Pattern Match: Find all vertices matching a structural pattern

\text{match}(G, P) = \{v \in V \mid v \text{ participates in pattern } P\}

Path Query: Find vertices connected by paths matching a regular expression

\text{RPQ}(v, r) = \{u \in V \mid \exists \text{ path } v \xrightarrow{r} u\}

Each operation returns a set - a posting list of vertex identifiers.

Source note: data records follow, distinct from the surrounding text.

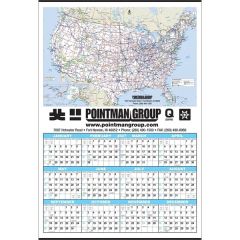 Small U.S. Map Year-In-View Calendar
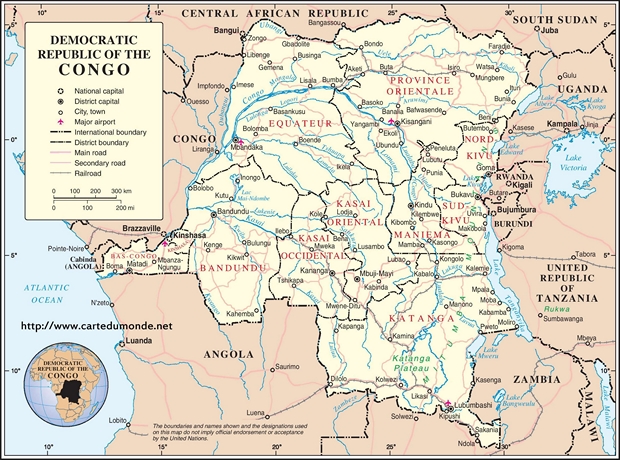 Mapa Demokratyczna Republika Konga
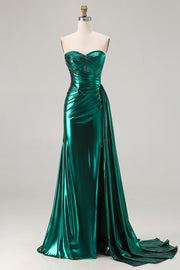Metallic Dark Green Mermaid Strapless Pleated Corset Long Prom Dress with Slit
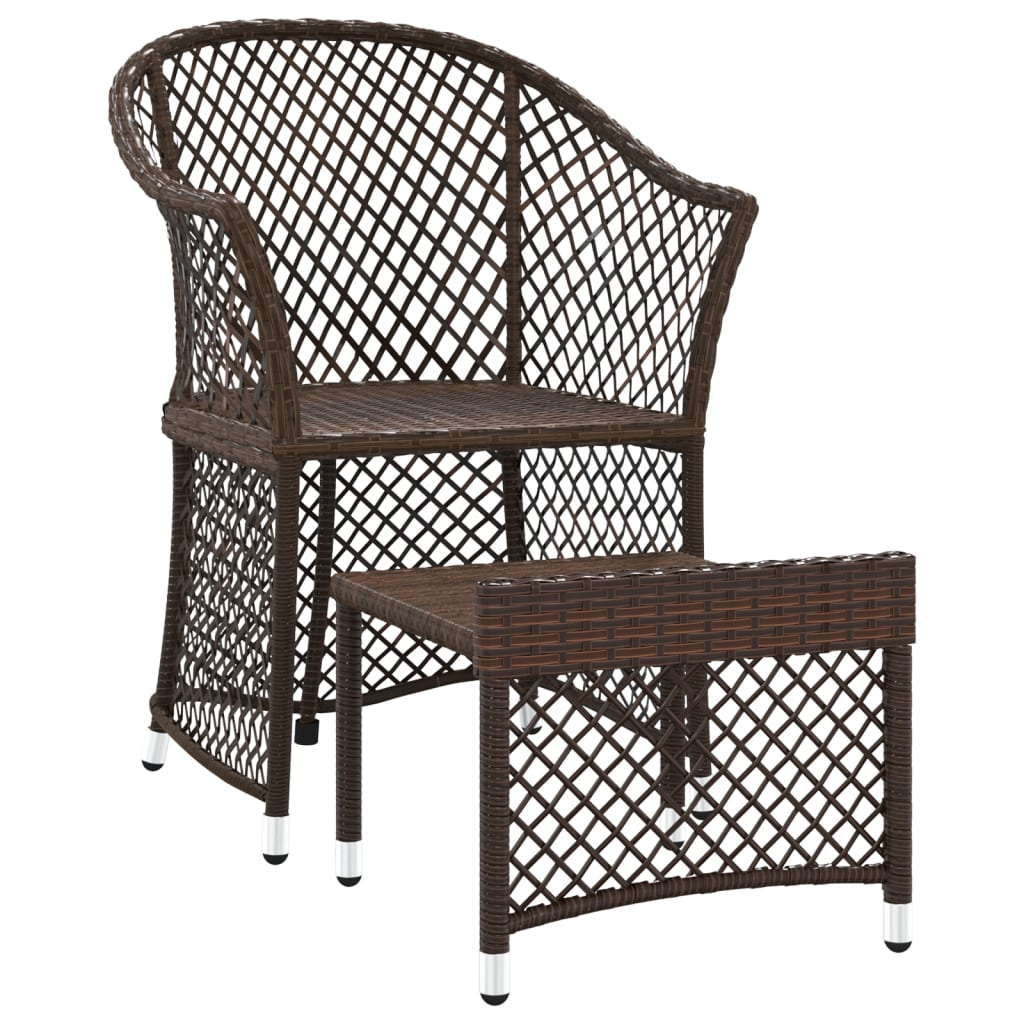 Brown Poly Rattan 2-Pc. Patio Lounge Set with Cushions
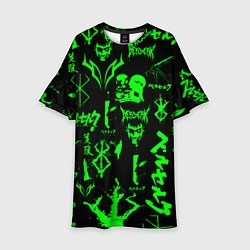 Платье клеш для девочки Berserk neon green, цвет: 3D-принт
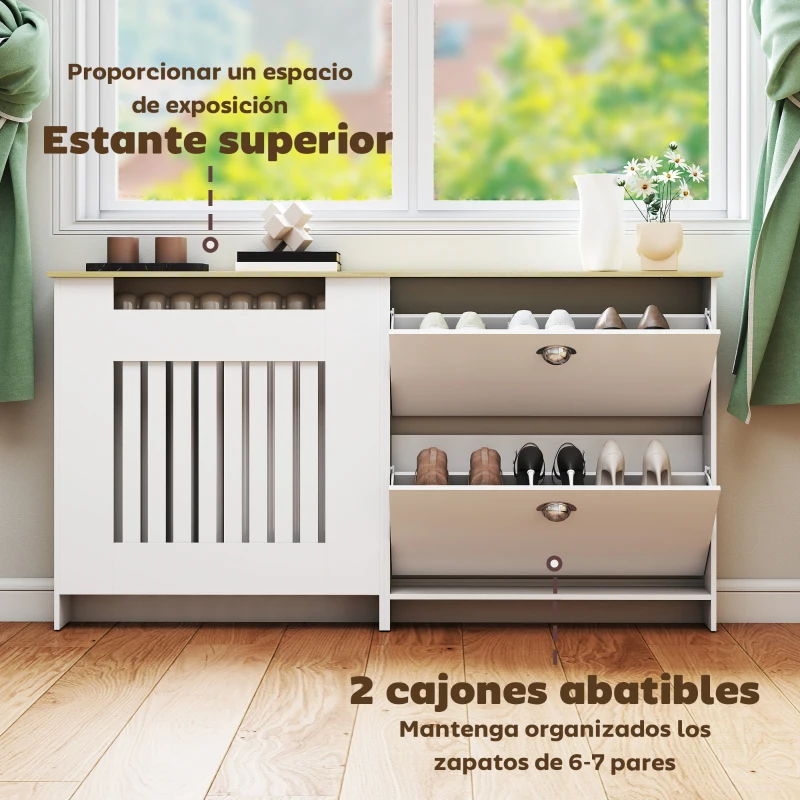 HOMCOM Cubre Radiadores con Zapatero Cubierta para Radiador con 2 Cajones Abatibles 152x19x81 cm Blanco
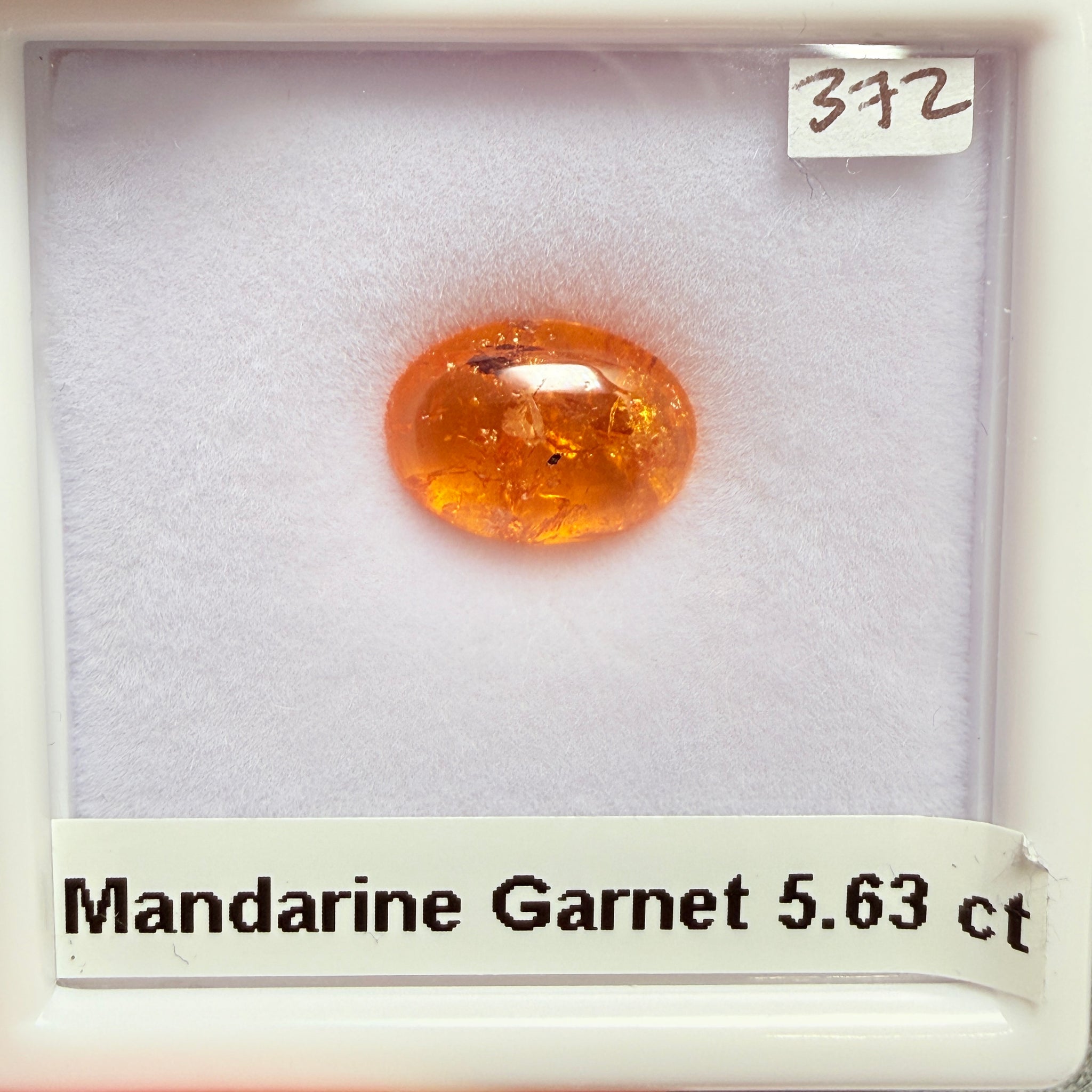 Mandarin Spessartite Cabochon, 5.63ct, Loliondo, Tanzania, Untreated Unheated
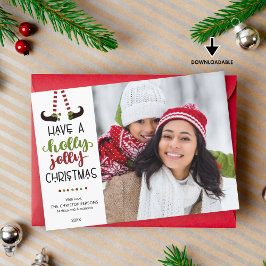 Tarjeta Festiva Navidades Whimsical Elf HOLLY JOLLY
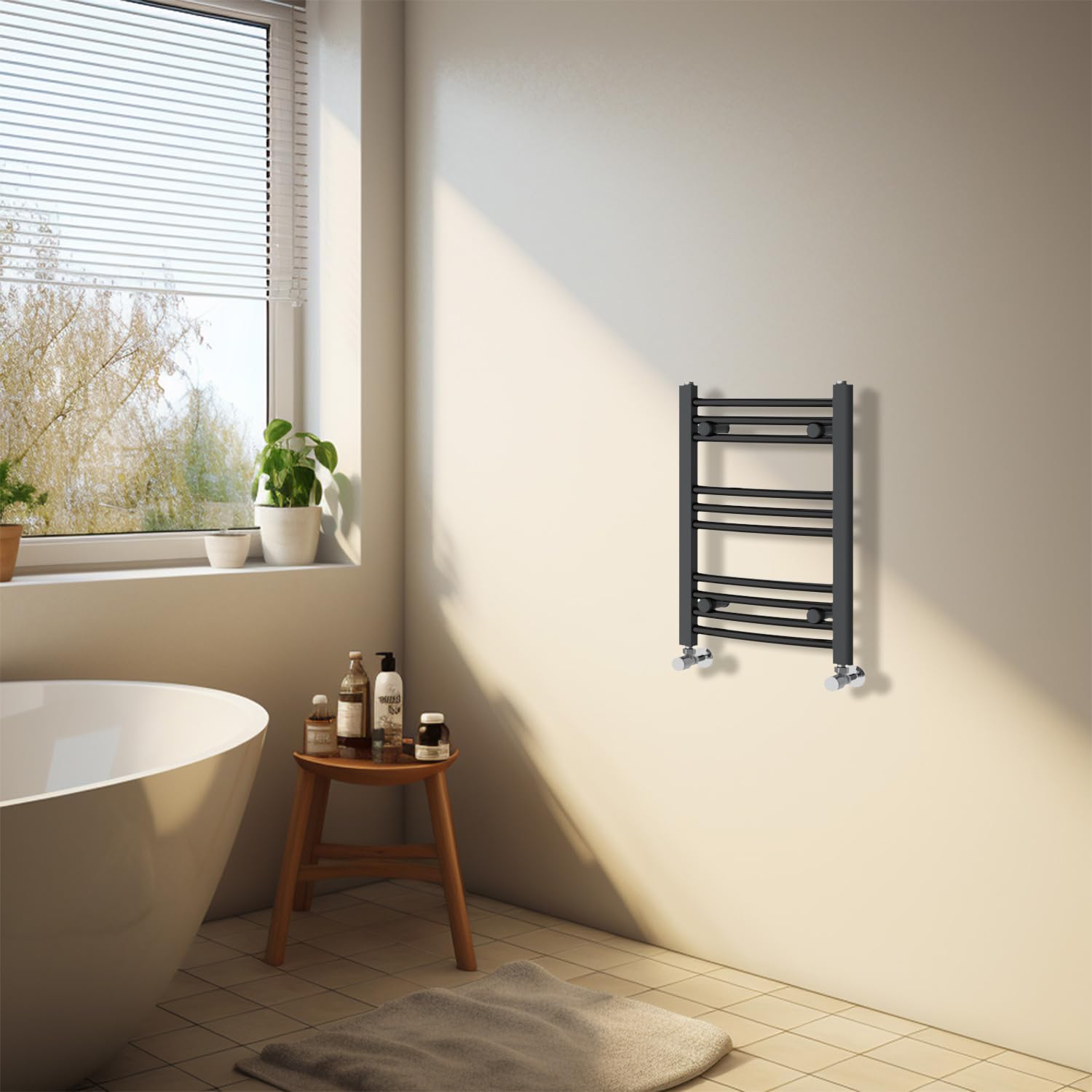 Nrg Anthracite Heated Towel Rail Curved Designer Bathroom Radiator - 600×400Mm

These posting lists combine with document posting lists through the same Boolean operations, enabling unified optimization across paradigms.

3.2 Graph Type System

We formalize the graph type system as an extension of the document type system from Chapter 2.

3.2.1 Property Graph Model

A property graph is a tuple $G = (V, E, \rho, \lambda, \sigma)$ where:

$V$ is the set of vertices (nodes)
$E \subseteq V \times V$ is the set of directed edges
$\rho: V \cup E \rightarrow 2^{\mathcal{F} \times \mathcal{V}}$ assigns properties (key-value pairs)
$\lambda: V \cup E \rightarrow 2^L$ assigns labels from label set $L$
$\sigma: E \rightarrow \mathcal{T}$ assigns a type to each edge

Vertices and edges both carry properties and labels, making them semi-structured entities similar to documents.

3.2.2 Vertex Space

The vertex space $\mathcal{V}_G$ contains all vertices:

\mathcal{V}_G = \{v \mid v \in V \text{ for some property graph } G\}

Each vertex has:

A unique identifier: $\text{id}: \mathcal{V}_G \rightarrow \mathbb{N}$
Properties: $\text{props}: \mathcal{V}_G \rightarrow 2^{\mathcal{F} \times \mathcal{V}}$
Labels: $\text{labels}: \mathcal{V}_G \rightarrow 2^L$

3.2.3 Edge Space

The edge space $\mathcal{E}_G$ contains all edges:

\mathcal{E}_G = \{(u, v, t) \mid (u, v) \in E, t = \sigma(u, v)\}

Each edge has:

A unique identifier: $\text{id}: \mathcal{E}_G \rightarrow \mathbb{N}$
Source vertex: $\text{src}: \mathcal{E}_G \rightarrow \mathcal{V}_G$
Target vertex: $\text{tgt}: \mathcal{E}_G \rightarrow \mathcal{V}_G$
Edge type: $\text{type}: \mathcal{E}_G \rightarrow \mathcal{T}$
Properties: $\text{props}: \mathcal{E}_G \rightarrow 2^{\mathcal{F} \times \mathcal{V}}$

3.2.4 Graph Posting Lists

A graph posting list maps a predicate to a set of vertices or edges:

Vertex posting list:

P_V: \text{Pred}_V \rightarrow 2^{\mathcal{V}_G}

Edge posting list:

P_E: \text{Pred}_E \rightarrow 2^{\mathcal{E}_G}

Examples of graph predicates:

Label predicate: Vertices with label $\ell$

P_V(\text{hasLabel}(\ell)) = \{v \in \mathcal{V}_G \mid \ell \in \text{labels}(v)\}

Property predicate: Vertices where property $p$ satisfies condition $\phi$

P_V(\text{prop}(p, \phi)) = \{v \in \mathcal{V}_G \mid \phi(\text{props}(v)(p))\}

Edge type predicate: Edges of type $t$

P_E(\text{hasType}(t)) = \{e \in \mathcal{E}_G \mid \text{type}(e) = t\}

Adjacency predicate: Vertices adjacent to vertex $v$ via edge type $t$

P_V(\text{adj}(v, t)) = \{u \in \mathcal{V}_G \mid (v, u, t) \in \mathcal{E}_G \lor (u, v, t) \in \mathcal{E}_G\}

3.2.5 Document-Vertex Correspondence

In Cognica, vertices correspond to documents:

\mathcal{V}_G \cong \mathcal{D}

This isomorphism maps:

Vertex ID to document ID
Vertex properties to document fields
Vertex labels to document type tags

The correspondence enables a document to participate in both relational queries (as a row) and graph queries (as a vertex) without data duplication.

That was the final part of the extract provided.